[Start of Attachment]

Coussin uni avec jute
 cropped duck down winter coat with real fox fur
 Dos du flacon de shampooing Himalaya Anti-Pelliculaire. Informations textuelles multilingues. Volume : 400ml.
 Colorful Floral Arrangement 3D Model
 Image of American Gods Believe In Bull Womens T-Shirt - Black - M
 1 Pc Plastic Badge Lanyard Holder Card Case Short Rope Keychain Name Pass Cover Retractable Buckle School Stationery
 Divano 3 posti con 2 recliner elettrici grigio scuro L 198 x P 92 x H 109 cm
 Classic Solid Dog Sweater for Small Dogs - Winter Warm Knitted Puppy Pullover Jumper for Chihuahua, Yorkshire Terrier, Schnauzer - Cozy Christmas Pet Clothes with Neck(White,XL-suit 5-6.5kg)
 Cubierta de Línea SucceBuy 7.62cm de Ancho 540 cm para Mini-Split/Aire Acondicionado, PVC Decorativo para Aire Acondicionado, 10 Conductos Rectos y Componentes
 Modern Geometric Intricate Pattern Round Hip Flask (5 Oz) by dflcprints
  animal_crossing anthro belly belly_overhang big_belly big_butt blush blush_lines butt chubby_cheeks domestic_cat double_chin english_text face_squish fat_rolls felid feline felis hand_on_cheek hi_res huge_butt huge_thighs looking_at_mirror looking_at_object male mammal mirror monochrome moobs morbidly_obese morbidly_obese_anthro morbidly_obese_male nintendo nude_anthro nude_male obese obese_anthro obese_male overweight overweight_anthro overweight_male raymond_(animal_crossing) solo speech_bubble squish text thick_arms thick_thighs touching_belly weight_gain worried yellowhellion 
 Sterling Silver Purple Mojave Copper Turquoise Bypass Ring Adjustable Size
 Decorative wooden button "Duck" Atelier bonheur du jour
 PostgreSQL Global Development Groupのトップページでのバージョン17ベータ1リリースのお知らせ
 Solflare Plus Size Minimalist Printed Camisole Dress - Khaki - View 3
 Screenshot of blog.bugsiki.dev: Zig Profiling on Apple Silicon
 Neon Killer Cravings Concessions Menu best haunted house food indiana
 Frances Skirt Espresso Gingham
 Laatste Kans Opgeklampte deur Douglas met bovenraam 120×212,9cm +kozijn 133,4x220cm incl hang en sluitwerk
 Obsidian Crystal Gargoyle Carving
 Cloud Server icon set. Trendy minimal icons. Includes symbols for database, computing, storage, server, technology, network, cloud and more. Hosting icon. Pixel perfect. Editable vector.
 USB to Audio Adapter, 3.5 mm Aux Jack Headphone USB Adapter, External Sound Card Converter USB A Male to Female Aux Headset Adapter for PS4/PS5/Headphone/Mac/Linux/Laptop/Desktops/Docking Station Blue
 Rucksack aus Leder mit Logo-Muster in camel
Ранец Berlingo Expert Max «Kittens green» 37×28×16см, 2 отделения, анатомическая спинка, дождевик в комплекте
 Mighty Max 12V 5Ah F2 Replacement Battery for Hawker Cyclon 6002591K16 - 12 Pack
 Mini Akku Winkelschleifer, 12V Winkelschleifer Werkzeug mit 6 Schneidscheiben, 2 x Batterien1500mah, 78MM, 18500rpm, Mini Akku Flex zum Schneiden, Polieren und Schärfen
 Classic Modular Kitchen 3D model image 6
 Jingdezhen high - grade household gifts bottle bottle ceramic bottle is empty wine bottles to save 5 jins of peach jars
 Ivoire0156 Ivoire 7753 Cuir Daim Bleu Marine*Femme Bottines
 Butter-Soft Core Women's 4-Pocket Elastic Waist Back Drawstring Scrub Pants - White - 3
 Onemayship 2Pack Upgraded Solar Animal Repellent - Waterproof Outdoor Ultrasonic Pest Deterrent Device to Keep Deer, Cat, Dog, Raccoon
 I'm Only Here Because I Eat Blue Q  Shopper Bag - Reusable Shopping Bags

[End of Attachment]

Exercise directions: Go over the data above and copy every line that has the word "with" in it.

Response to this exercise:
 cropped duck down winter coat with real fox fur
 Classic Solid Dog Sweater for Small Dogs - Winter Warm Knitted Puppy Pullover Jumper for Chihuahua, Yorkshire Terrier, Schnauzer - Cozy Christmas Pet Clothes with Neck(White,XL-suit 5-6.5kg)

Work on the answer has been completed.